The coral structure having been raised to the surface of the waters, the insects necessarily sus pend their labours, for it is only under water that they are so industrious. But, nevertheless, the half-submerged island acquires, in the course of time, an increase of elevation from other sources, as from shells and sea-weed, and various marine exuvia, which become entangled by its rugged surface, and are gradually fitted to support vegetation. The cocoa nut, which, owing to its buoyancy and its protecting shell, is of all other fruits or seeds the best able to float long upon the wave without

injury to its power of germination, is soon accidentally thrown upon the coral island and becomes a tree. Then the palm species appear in single stems, which from afar sailors have described as resembling the small masts of vessels. Afterwards other trees and plants are observed to take up their abodes in the new island; and, finally, the whole becomes a wooded scene, flourishing in comparative luxuriance, and all arising from the increasing labour of the coral insect.

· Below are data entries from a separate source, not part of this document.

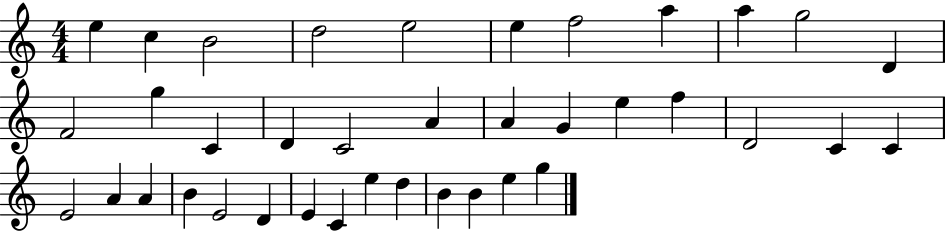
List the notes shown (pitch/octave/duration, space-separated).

E5/q C5/q B4/h D5/h E5/h E5/q F5/h A5/q A5/q G5/h D4/q F4/h G5/q C4/q D4/q C4/h A4/q A4/q G4/q E5/q F5/q D4/h C4/q C4/q E4/h A4/q A4/q B4/q E4/h D4/q E4/q C4/q E5/q D5/q B4/q B4/q E5/q G5/q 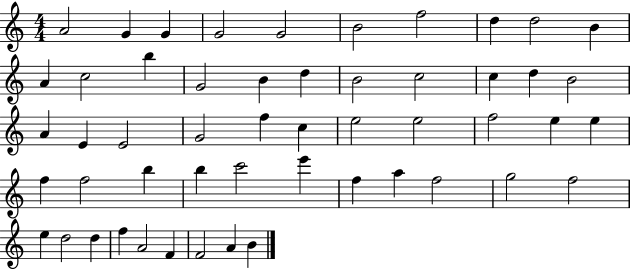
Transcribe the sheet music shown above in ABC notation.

X:1
T:Untitled
M:4/4
L:1/4
K:C
A2 G G G2 G2 B2 f2 d d2 B A c2 b G2 B d B2 c2 c d B2 A E E2 G2 f c e2 e2 f2 e e f f2 b b c'2 e' f a f2 g2 f2 e d2 d f A2 F F2 A B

After having busied ourselves in the examination of the large number of beautiful corals taken from the deeps of the Indian Ocean, and of the innumerable corallines of our own and neighbouring coasts; then endeavouring to comprehend in the same view the flower-like and branching. madrepores, the tubipores, the sea pens, the sponges, and the zoophytes; moreover, turning to the scientific accumulations of similar bodies in a fossil state, in several public and private cabinets; still further striving to include retrospectively these thousands of stony corals in our view of this kingdom in general; and endeavouring to grasp the whole, extinct and fossilized, existing and ocean-inhabiting corals, madrepores, corallines, and the like, in one comprehensive view, we have experienced a feeling of admiration which we can scarcely hope to transfer to those who have not laboured to take in the same extensive kingdom of creation in one simultaneous glance.

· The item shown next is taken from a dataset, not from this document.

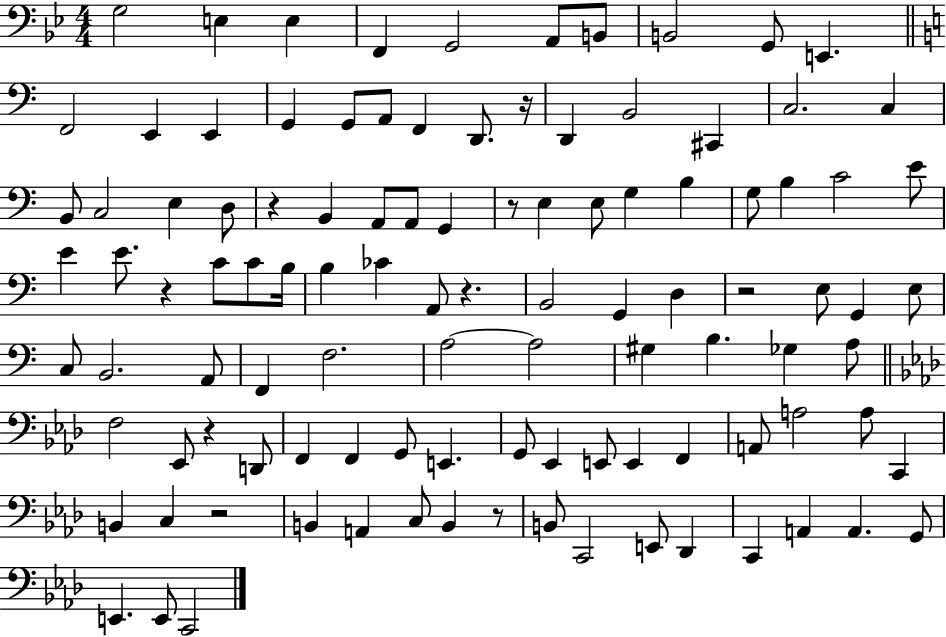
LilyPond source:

Then, conceiving all these restored to the oceans and seas whence they have been derived, and all in full life of their kind, together with

the innumerable similar existences which have never yet been beheld by human eye, but which are passing their secret times in the water-locked caves of the unfathomable ocean,-strange, indeed, is it that so little importance has been attached to this wonderful whole, and that so many centuries have elapsed during which man has scarcely bestowed a thought on its existence !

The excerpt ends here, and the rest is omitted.